PROBLEM REQUIREMENTS: Copy exactly, and only, the lines from the one with "Мужская хлопковая футболка" to the end of the listing; omit pictures.
SUPPLIED DATA: Begin
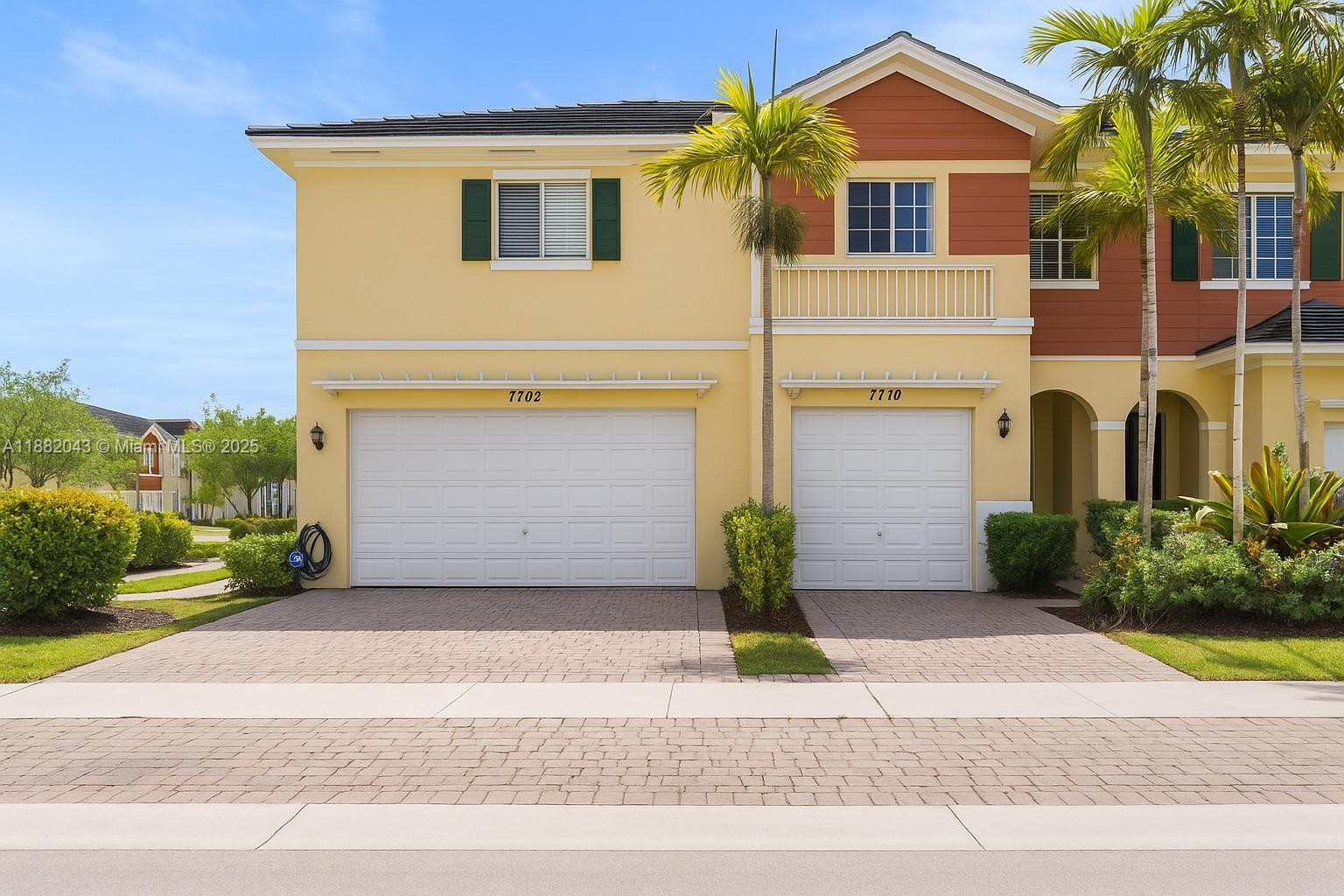 7702 Paddock Pl #7702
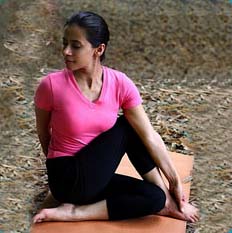 Yoga Asana – Spinal Twist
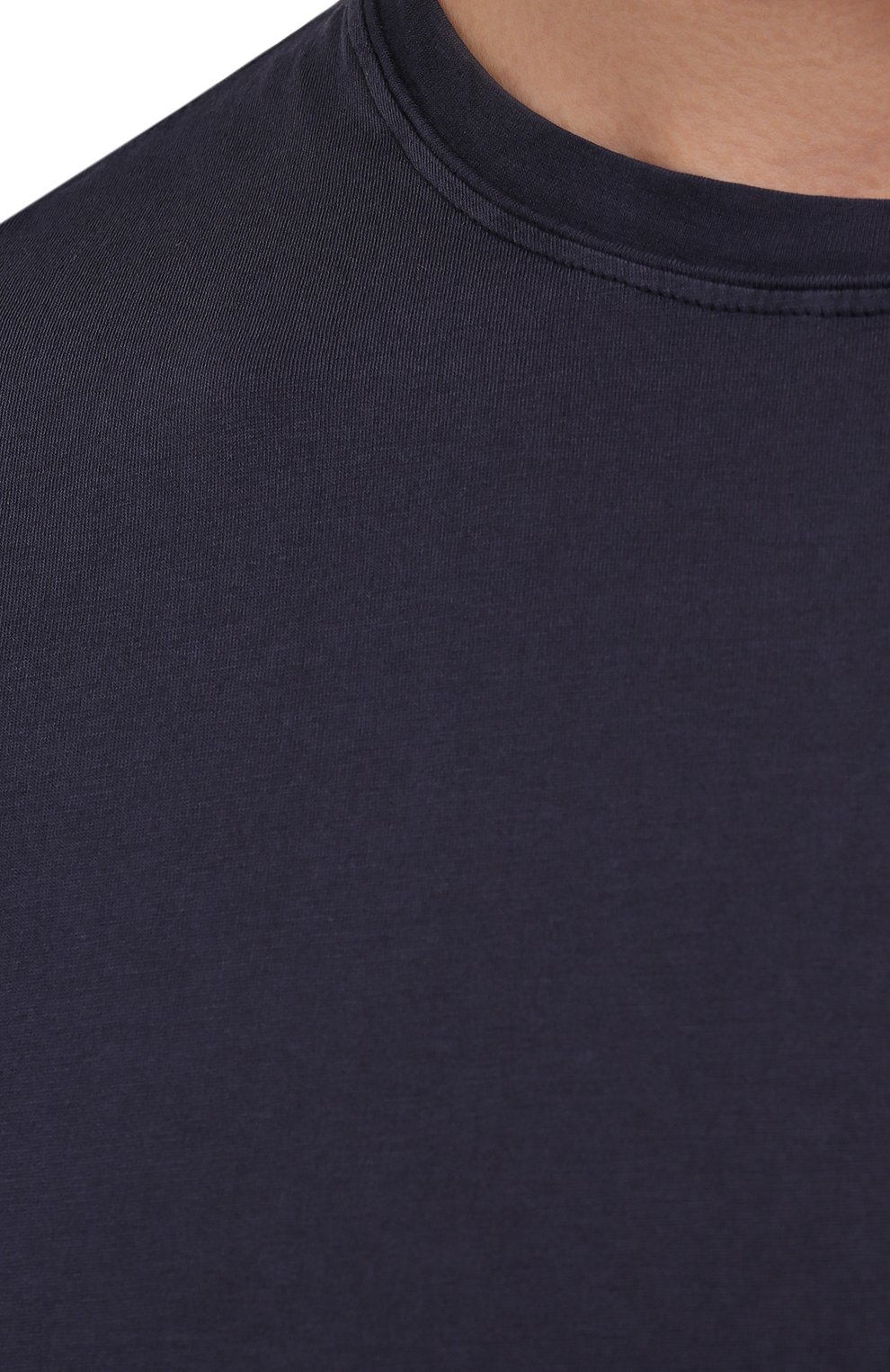 Мужская хлопковая футболка FEDELI темно-синего цвета, арт. 5UEF0113 | Фото 5 (Принт: Без принта; Рукава: Короткие; Длина (для топов): Стандартные; Региональные ограничения белый список (Axapta Mercury): RU; Материал внешний: Хлопок; Стили: Кэжуэл)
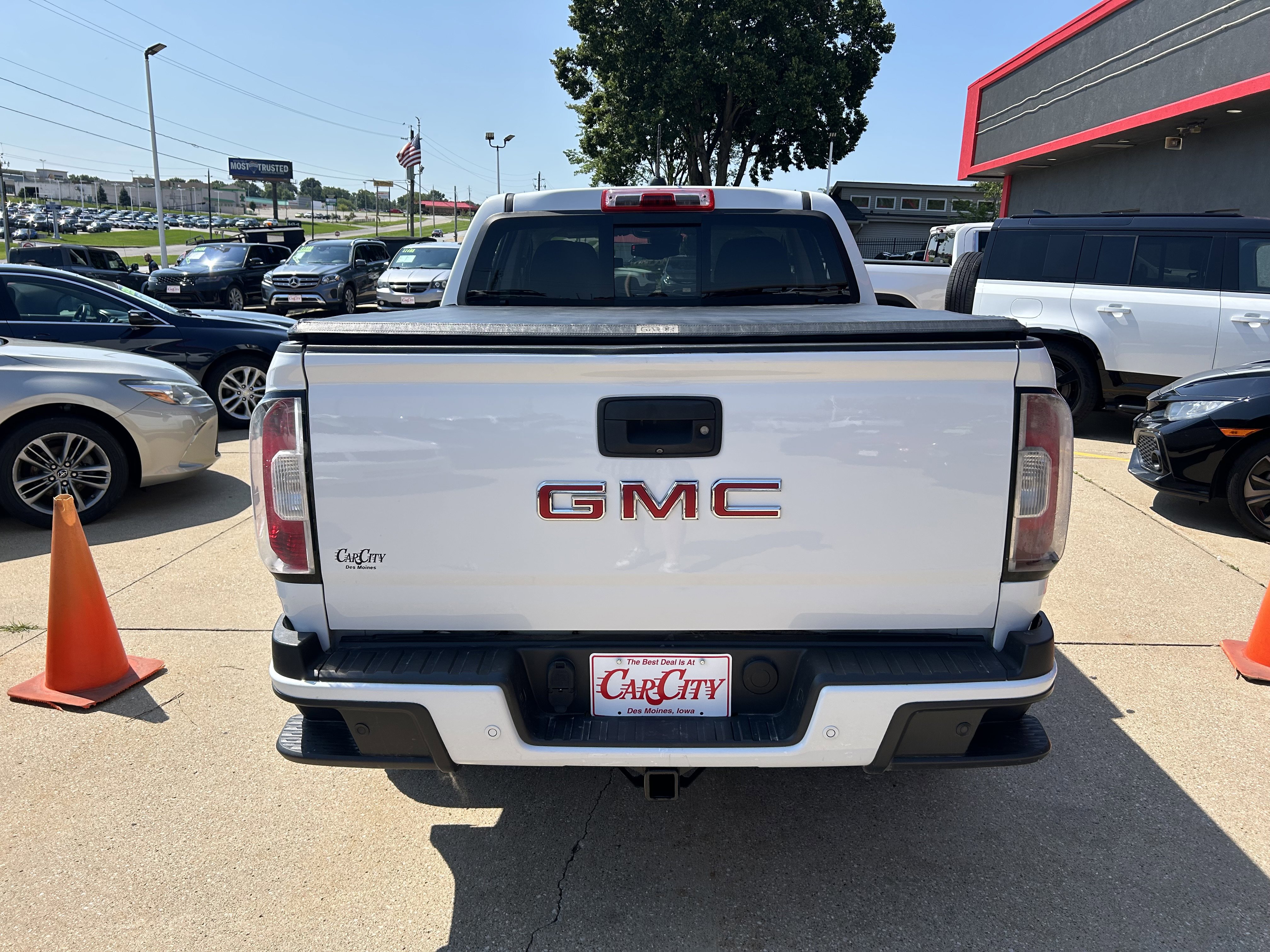Used 2021 GMC Canyon AT4 w/ Driver Alert Package image 5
SUPPLIED DATA: End
SOLUTION TO THIS TASK:
 Мужская хлопковая футболка FEDELI темно-синего цвета, арт. 5UEF0113 | Фото 5 (Принт: Без принта; Рукава: Короткие; Длина (для топов): Стандартные; Региональные ограничения белый список (Axapta Mercury): RU; Материал внешний: Хлопок; Стили: Кэжуэл)
Used 2021 GMC Canyon AT4 w/ Driver Alert Package image 5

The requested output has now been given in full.